If you do use this feature of Kafka for JUnit, then please give the embedded cluster some time to handle broker churn. Identifying that a leader for a topic-partition is not available and conducting the leader election takes some time. In the example underneath we introduce a delay of five seconds in between operations that affect cluster membership.

kafka.createTopic(TopicConfig.withName("test-topic")
    .withNumberOfPartitions(5)
    .withNumberOfReplicas(3));

delay(5);

Set<Integer> leaders = kafka.fetchLeaderAndIsr("test-topic")
    .values()
    .stream()
    .map(LeaderAndIsr::getLeader)
    .collect(Collectors.toSet());

assertThat(leaders.contains(1)).isTrue();
assertThat(leaders.contains(2)).isTrue();
assertThat(leaders.contains(3)).isTrue();

kafka.disconnect(1);

delay(5);

Set<Integer> leadersAfterDisconnect = kafka.fetchLeaderAndIsr("test-topic")
    .values()
    .stream()
    .map(LeaderAndIsr::getLeader)
    .collect(Collectors.toSet());

assertThat(leadersAfterDisconnect.contains(1)).isFalse();
assertThat(leadersAfterDisconnect.contains(2)).isTrue();
assertThat(leadersAfterDisconnect.contains(3)).isTrue();

kafka.connect(1);

delay(5);

Set<Integer> leadersAfterReconnect = kafka.fetchLeaderAndIsr("test-topic")
    .values()
    .stream()
    .map(LeaderAndIsr::getLeader)
    .collect(Collectors.toSet());

assertThat(leadersAfterReconnect.contains(1)).isTrue();
assertThat(leadersAfterReconnect.contains(2)).isTrue();
assertThat(leadersAfterReconnect.contains(3)).isTrue();

3.1.2. Disconnect until In-Sync-Replica Set falls below minimum size

The following listing shows how to disconnect the In-Sync-Replica Set (ISR) for a given topic until its ISR falls below its minimum size.

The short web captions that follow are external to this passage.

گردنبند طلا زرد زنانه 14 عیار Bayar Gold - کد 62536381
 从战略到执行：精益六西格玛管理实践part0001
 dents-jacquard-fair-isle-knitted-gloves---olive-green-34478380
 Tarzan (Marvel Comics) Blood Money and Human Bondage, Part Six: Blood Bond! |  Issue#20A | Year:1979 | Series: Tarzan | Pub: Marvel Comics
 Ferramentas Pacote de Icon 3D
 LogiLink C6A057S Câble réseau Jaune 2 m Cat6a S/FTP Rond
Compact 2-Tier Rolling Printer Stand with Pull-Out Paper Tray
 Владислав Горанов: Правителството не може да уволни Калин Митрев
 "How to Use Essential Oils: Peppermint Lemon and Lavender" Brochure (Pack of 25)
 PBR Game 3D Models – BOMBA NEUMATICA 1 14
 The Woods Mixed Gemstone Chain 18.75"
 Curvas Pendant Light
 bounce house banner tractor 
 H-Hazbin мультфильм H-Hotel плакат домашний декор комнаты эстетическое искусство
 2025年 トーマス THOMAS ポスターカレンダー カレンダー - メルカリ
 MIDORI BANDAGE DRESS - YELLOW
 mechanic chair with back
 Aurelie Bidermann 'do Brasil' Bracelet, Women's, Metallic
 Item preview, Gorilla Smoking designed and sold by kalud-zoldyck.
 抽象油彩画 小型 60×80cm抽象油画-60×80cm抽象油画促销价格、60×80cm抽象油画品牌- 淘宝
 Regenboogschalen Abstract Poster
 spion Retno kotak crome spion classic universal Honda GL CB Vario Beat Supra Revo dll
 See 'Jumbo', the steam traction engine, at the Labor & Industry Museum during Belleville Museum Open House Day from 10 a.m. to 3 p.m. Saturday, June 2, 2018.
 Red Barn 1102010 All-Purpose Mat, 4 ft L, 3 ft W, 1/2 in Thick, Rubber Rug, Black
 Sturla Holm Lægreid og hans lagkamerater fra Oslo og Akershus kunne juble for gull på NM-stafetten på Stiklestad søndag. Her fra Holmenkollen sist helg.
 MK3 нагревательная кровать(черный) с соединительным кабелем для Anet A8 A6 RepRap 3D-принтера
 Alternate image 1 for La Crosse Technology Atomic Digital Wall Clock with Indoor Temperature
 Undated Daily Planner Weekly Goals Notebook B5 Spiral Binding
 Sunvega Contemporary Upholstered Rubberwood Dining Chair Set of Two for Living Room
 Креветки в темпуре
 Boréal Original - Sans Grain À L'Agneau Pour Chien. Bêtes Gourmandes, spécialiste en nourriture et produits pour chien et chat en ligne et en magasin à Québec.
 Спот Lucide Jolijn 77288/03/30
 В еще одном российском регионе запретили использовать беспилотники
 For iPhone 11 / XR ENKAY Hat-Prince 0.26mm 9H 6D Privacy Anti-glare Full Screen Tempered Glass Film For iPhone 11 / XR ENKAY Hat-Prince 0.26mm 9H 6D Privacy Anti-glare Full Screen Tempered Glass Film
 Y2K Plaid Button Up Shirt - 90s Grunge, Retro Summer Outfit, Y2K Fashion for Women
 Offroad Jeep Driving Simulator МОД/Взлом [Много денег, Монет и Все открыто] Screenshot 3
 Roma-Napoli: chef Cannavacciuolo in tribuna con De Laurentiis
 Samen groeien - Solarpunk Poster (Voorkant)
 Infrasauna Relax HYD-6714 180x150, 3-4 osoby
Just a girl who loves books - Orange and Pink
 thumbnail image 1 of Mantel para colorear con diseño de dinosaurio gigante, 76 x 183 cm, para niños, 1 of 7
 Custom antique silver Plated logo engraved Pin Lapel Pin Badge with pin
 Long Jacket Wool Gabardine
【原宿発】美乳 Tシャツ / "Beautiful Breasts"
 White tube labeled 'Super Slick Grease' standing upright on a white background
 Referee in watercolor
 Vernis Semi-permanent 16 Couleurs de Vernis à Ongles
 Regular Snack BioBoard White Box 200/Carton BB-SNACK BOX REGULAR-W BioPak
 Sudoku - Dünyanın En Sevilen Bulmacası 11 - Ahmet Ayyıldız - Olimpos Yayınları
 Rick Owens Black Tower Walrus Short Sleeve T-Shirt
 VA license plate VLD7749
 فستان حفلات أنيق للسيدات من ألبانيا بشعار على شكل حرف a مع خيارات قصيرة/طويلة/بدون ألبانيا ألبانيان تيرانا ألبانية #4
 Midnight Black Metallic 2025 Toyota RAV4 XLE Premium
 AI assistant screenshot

// Create a topic and configure the number of replicas as well as the size of the ISR

kafka.createTopic(TopicConfig.withName("test-topic")
    .withNumberOfPartitions(5)
    .withNumberOfReplicas(3)
    .with("min.insync.replicas", "2"));

// Wait a bit to give the cluster a chance to properly assign topic-partitions to leaders

delay(5);

// Disconnect until the remaining number of brokers fall below the minimum ISR size

kafka.disconnectUntilIsrFallsBelowMinimumSize("test-topic");

delay(5);

// Submitting records to this topic will yield a NotEnoughReplicasException

kafka.send(SendValues.to("test-topic", "A"));

The last line of the listing shows the effect of an ISR that can no longer operate reliably. Your Kafka-based component or application would run concurrently to this test so that you are able to observe if it behaves correctly (e.g. by checking that the component progresses normally if the ISR is restored).

3.1.3. Restoring the In-Sync-Replica Set

Restoring the In-Sync-Replica Set is easy, as method disconnectUntilIsrFallsBelowMinimumSize returns a list of broker IDs for all brokers that have been deactivated during the shrinking. The following listing shows how to restore the ISR.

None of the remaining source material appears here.